> [What to work on] Transcribe the listing exactly, leaving out every picture.

> [Recorded data]

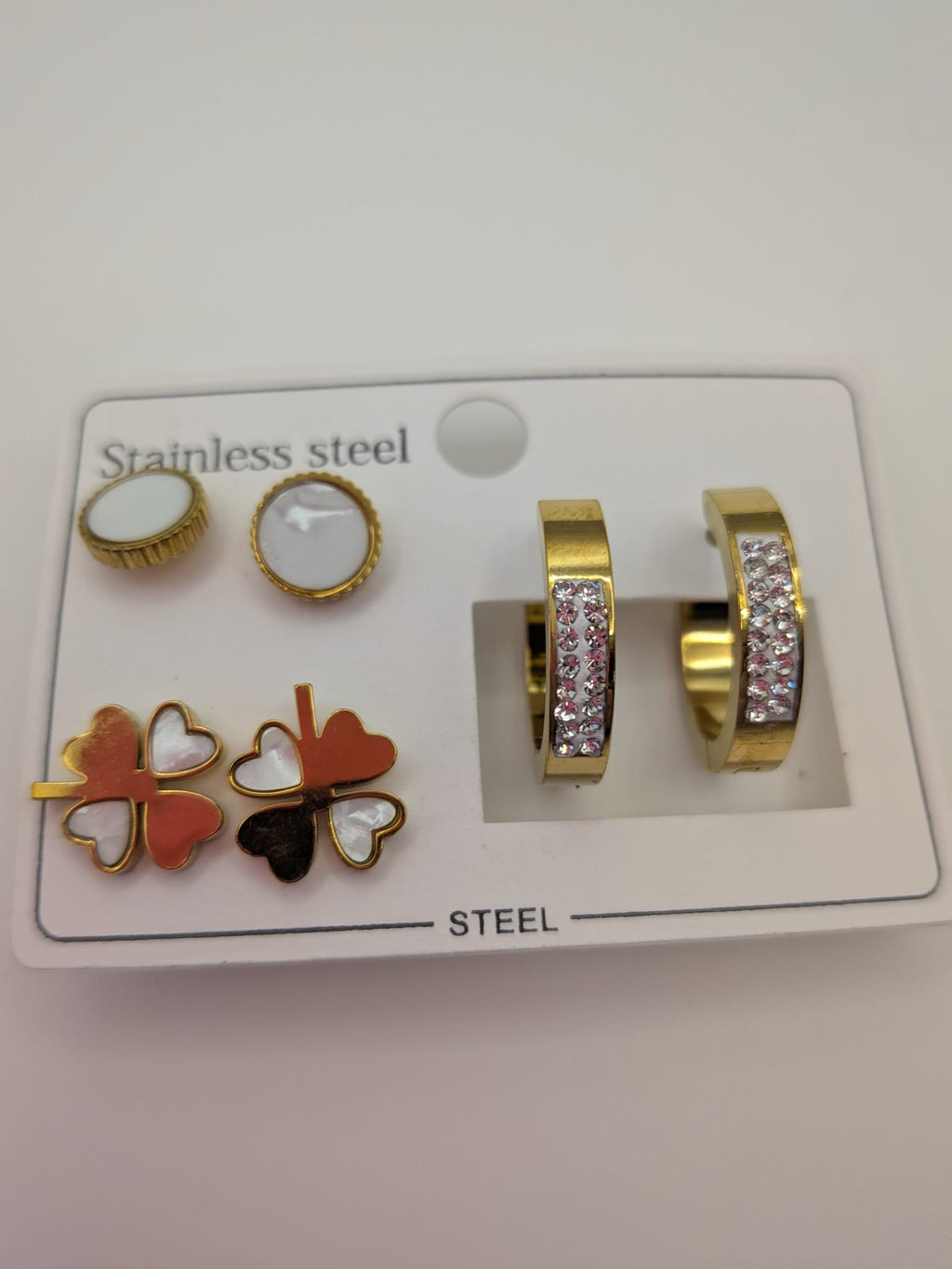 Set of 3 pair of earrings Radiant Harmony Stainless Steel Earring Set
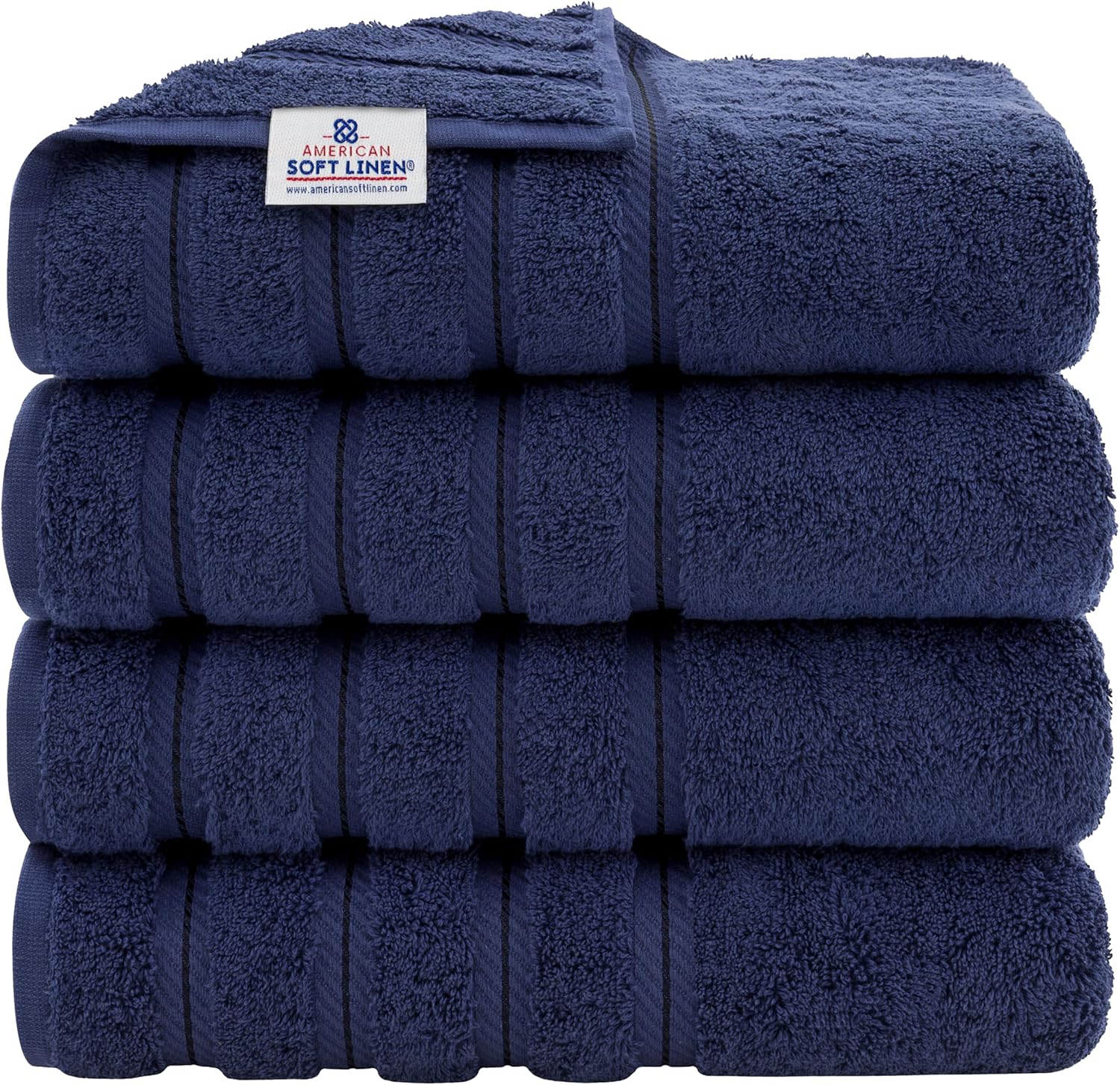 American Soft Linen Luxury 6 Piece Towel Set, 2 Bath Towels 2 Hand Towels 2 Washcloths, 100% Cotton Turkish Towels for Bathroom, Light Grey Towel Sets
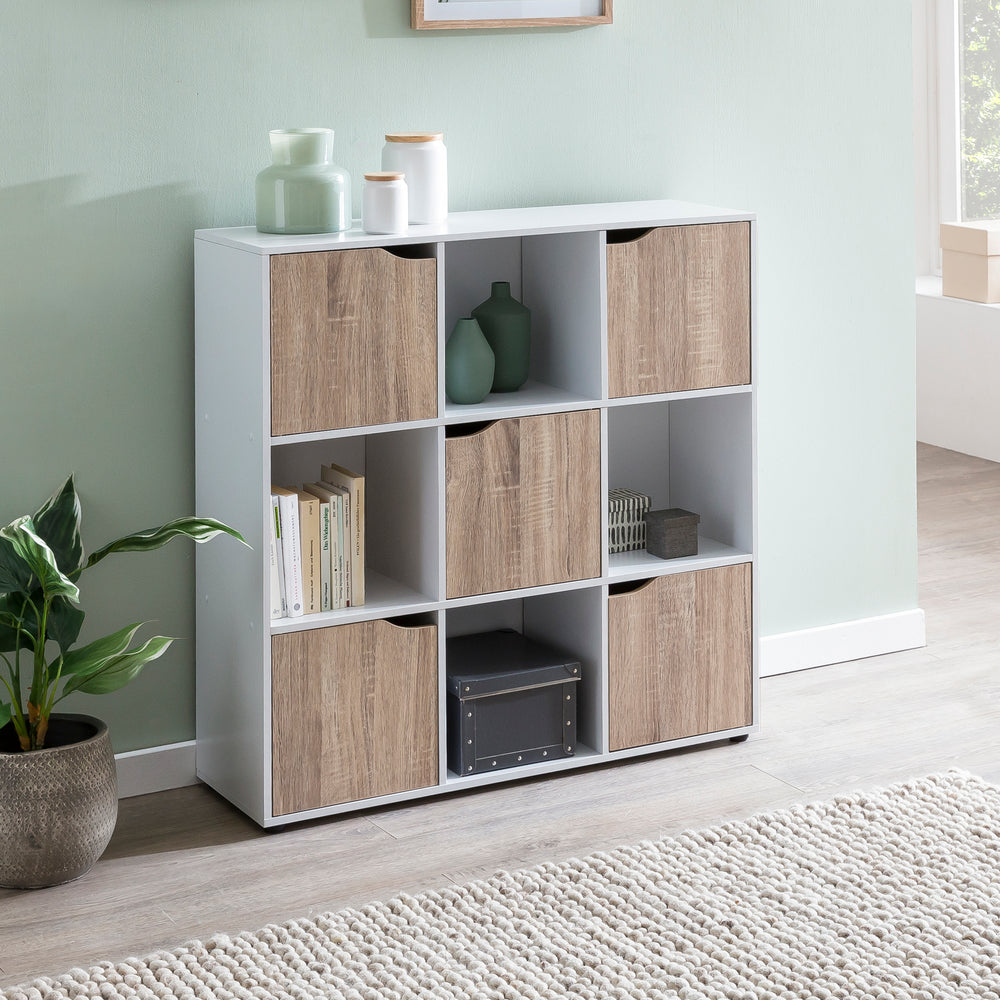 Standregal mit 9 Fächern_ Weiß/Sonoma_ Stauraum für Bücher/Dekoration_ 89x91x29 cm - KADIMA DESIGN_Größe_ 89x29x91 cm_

> [Answer]
 Set of 3 pair of earrings Radiant Harmony Stainless Steel Earring Set
 American Soft Linen Luxury 6 Piece Towel Set, 2 Bath Towels 2 Hand Towels 2 Washcloths, 100% Cotton Turkish Towels for Bathroom, Light Grey Towel Sets
 Standregal mit 9 Fächern_ Weiß/Sonoma_ Stauraum für Bücher/Dekoration_ 89x91x29 cm - KADIMA DESIGN_Größe_ 89x29x91 cm_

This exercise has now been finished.